The Court of Appeal of Belize delivered a judgment on 30th December 2019 denying the Belize Government’s appeal of a 2016 ruling that decriminalised adult consensual same-sex relations. SRT grantee the Human Dignity Trust made a submission in the case along with a range of national and regional organisations and the University of West Indies Rights Advocacy Project. These submissions supported the position that the Constitutional prohibition on ‘sex discrimination’ includes ‘sexual orientation discrimination’.

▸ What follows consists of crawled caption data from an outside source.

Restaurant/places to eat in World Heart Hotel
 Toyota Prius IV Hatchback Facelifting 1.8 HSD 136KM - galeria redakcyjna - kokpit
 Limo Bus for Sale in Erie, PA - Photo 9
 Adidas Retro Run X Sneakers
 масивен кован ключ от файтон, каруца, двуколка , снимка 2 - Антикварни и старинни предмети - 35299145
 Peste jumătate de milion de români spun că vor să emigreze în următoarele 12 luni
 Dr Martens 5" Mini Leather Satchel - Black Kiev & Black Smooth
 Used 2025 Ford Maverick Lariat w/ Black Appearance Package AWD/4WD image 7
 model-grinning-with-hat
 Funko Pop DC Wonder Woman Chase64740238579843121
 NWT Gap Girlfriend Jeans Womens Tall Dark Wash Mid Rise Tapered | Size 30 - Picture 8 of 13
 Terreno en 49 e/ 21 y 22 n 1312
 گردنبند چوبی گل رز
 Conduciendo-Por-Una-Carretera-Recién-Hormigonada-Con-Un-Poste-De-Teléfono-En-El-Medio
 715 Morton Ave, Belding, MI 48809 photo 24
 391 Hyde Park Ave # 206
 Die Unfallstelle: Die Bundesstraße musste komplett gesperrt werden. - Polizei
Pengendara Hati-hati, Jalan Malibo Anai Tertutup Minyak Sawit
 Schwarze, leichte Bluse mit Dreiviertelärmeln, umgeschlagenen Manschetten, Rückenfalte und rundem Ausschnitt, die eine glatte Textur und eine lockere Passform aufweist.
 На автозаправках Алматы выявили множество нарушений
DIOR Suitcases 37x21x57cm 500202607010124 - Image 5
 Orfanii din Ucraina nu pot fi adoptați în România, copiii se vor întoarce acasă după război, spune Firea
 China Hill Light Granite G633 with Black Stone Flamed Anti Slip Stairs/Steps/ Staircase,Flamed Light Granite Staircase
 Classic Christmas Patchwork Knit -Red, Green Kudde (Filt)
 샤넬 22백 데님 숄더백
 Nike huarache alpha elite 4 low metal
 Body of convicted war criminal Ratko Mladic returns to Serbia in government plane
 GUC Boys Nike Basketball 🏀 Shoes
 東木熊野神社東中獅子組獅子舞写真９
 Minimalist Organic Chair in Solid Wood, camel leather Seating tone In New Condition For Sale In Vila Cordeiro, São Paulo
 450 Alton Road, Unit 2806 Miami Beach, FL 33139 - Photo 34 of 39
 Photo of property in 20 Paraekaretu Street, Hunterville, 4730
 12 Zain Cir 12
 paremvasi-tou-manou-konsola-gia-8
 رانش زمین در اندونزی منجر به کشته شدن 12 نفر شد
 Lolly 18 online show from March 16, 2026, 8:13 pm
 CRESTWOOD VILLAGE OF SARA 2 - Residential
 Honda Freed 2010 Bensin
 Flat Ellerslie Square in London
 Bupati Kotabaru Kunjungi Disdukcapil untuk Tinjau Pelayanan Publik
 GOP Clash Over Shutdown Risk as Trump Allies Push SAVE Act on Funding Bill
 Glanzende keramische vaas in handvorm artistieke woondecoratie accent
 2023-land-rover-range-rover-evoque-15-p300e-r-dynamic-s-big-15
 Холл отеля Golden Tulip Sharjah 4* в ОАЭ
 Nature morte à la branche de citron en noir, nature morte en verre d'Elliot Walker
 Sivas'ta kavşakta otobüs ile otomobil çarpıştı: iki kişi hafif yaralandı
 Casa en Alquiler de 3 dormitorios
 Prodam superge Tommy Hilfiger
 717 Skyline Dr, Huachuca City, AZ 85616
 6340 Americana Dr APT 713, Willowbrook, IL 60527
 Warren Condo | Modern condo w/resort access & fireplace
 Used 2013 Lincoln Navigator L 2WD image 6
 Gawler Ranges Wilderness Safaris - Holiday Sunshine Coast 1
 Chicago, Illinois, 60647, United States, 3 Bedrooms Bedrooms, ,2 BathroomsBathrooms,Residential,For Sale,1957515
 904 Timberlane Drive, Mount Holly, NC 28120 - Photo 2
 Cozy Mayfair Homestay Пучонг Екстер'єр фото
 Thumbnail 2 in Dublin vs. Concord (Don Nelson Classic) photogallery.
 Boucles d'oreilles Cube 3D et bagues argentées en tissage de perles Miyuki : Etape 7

The Court reaffirmed the Belizean Chief Justice’s 2016 decision that Section 53 of the Belize Criminal Code – which criminalised ‘carnal intercourse against the order of nature’ – disproportionately discriminated against the LGBT community in Belize, in contravention of the constitutional rights to dignity, equality before the law, privacy, freedom of expression and non-discrimination on the grounds of sex, and thus was void in so far as it extends to consensual sex between adults in private. The Belizean Government was initially accepting of the 2016 decision, but later appealed following pressure from the country’s Roman Catholic Church.

The Church filed an appeal against the entire 2016 ruling, which it withdrew in March 2018. Human Dignity Trust and fellow SRT grantee International Commission of Jurists jointly intervened along with the Commonwealth Lawyers Association in support of the Respondent in the case, Caleb Orozco of the United Belize Advocacy Movement, making successful legal submissions on the interpretation of sex discrimination and freedom of expression.